Title: Data Integration in the Cloud
Speaker: Andreas Thor, University of Maryland
BA 7256, July 14th noon
Abstract: Cloud computing has become a popular paradigm for efficiently processing computationally and data-intensive tasks. Such tasks can be executed on demand on powerful distributed hardware and service infrastructures. The parallel execution of complex tasks is facilitated by different programming models (e.g., MapReduce), distributed data stores, and the ability to employ computing capacity on demand. Data integration can notably benefit from cloud computing because accessing multiple data sources and integration of instance data are usually expensive tasks.
In the first part of the talk we introduce CloudFuice, a data integration system that follows a mashup-like specification of advanced data flows for data integration. CloudFuice's task-based execution approach allows for an efficient, asynchronous, and parallel execution of data flows in the cloud and utilizes recent cloud-based web engineering instruments. The second part of the talk deals with the effectiveness and scalability of MapReduce-based implementations for entity resolution. In the presence of skewed data, sophisticated redistribution approaches become necessary to achieve load balancing among all reduce tasks to be executed in parallel. The proposed approaches support blocking techniques to reduce the search space of entity resolution and effectively distribute the entities of large blocks among multiple reduce tasks.

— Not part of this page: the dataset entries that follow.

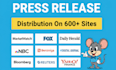do press release distribution, press release writing, publish press release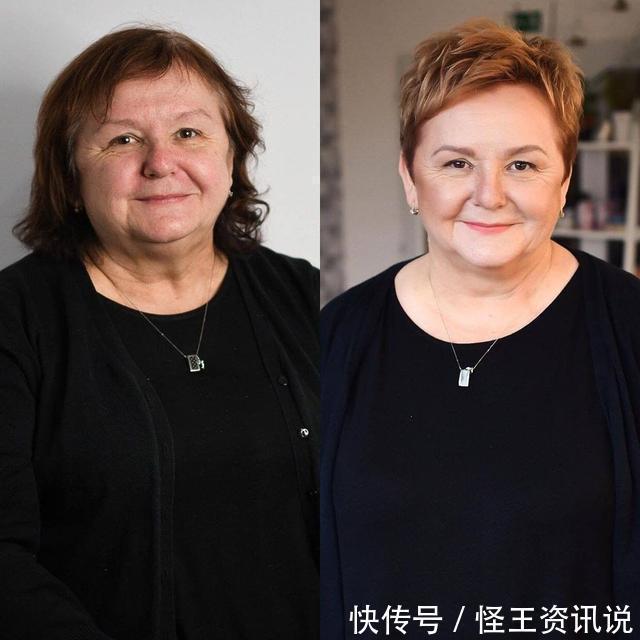 中大卷 换发型等于换脸,中年阿姨一换年轻10岁都不止,美到自己都笑了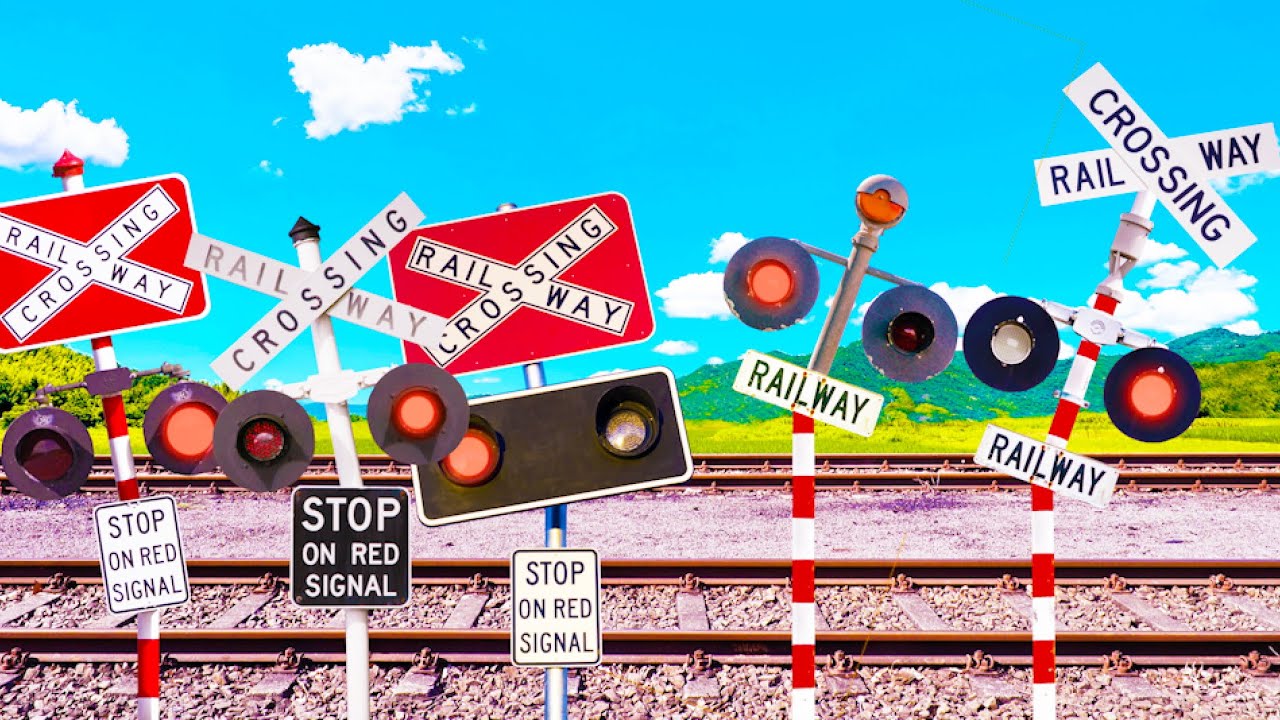 Railroad Crossing Divided According to Their Own Country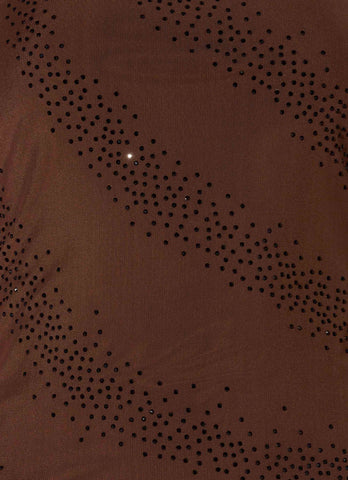 Sweet Sky Beaded Top - Chocolate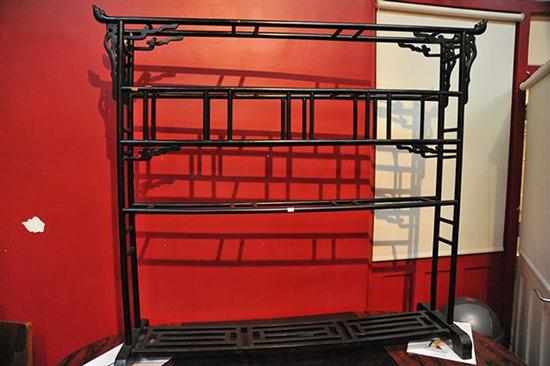 Appraisal: A JAPANESE BLACK LAQUERED KIMONO RACK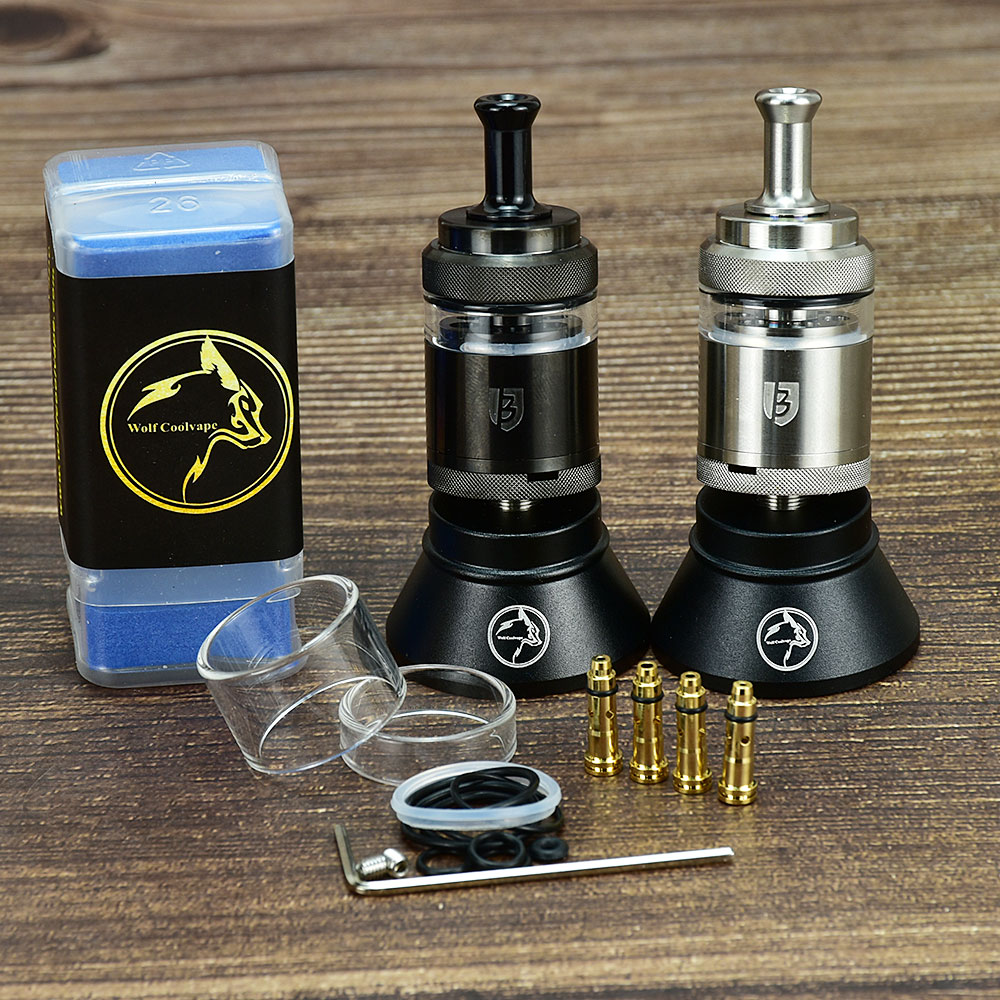 Berserker Mini V3 MTL Tank wit - Vaping Air recension och pris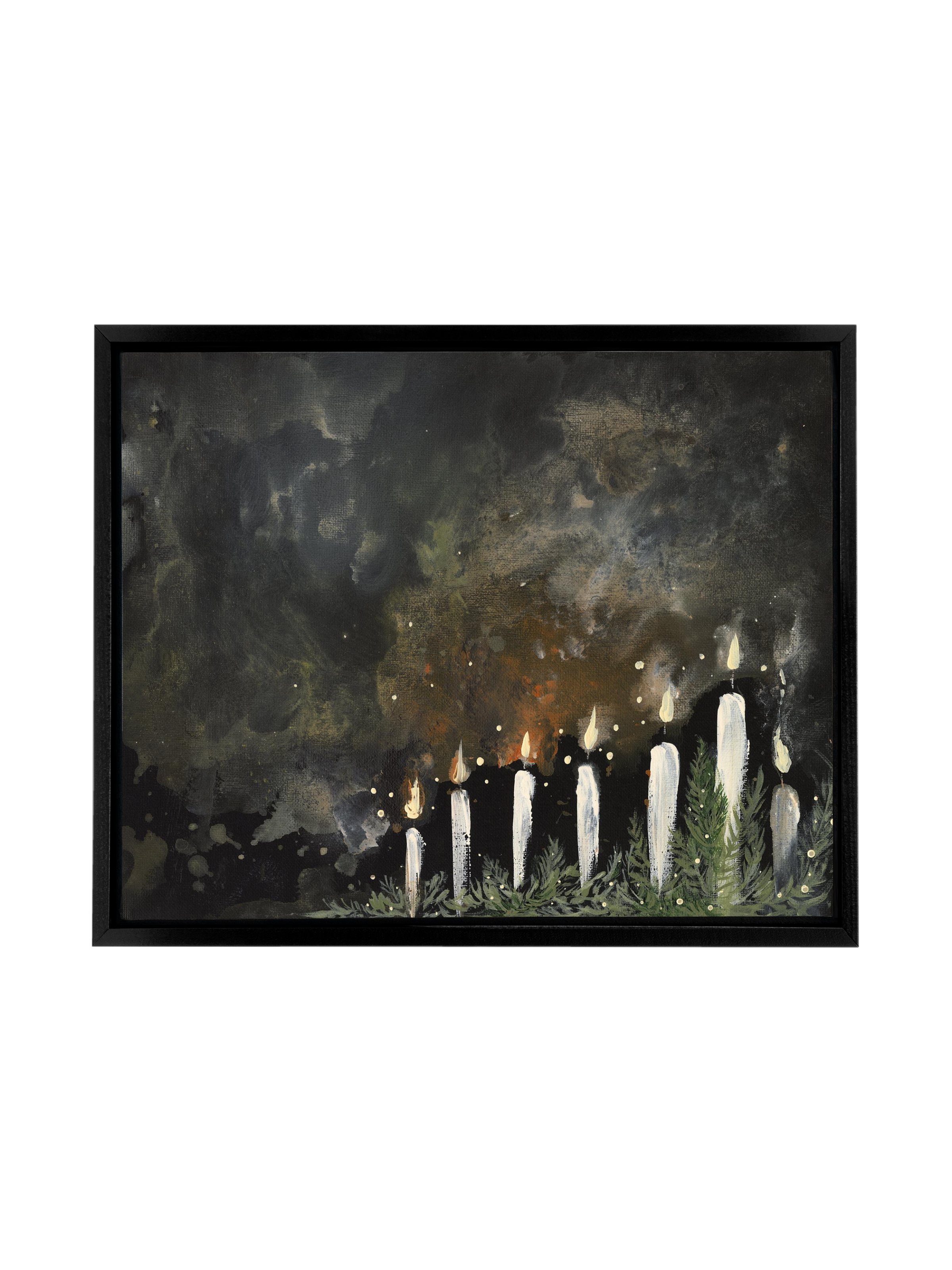Candles Aglow | Canvas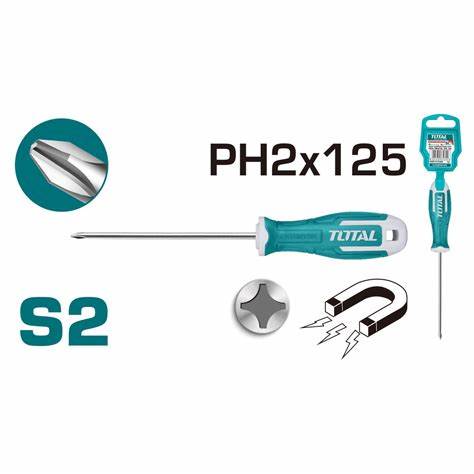 Total Phillips screwdriver PH2 125mm THT26PH2125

Bio: Andreas Thor received a Diploma and a Ph.D. in Computer Science in 2002 and 2008, respectively, from the University of Leipzig, Germany. He holds an appointment as Research Scientist with the database group in Leipzig. Andreas is currently a visiting research scientist at University of Maryland Institute for Advanced Computer Studies. Andreas' research areas deal with integration of web data sources. More specifically, he has been working on approaches for entity resolution, ontology alignment, and flexible integration architectures.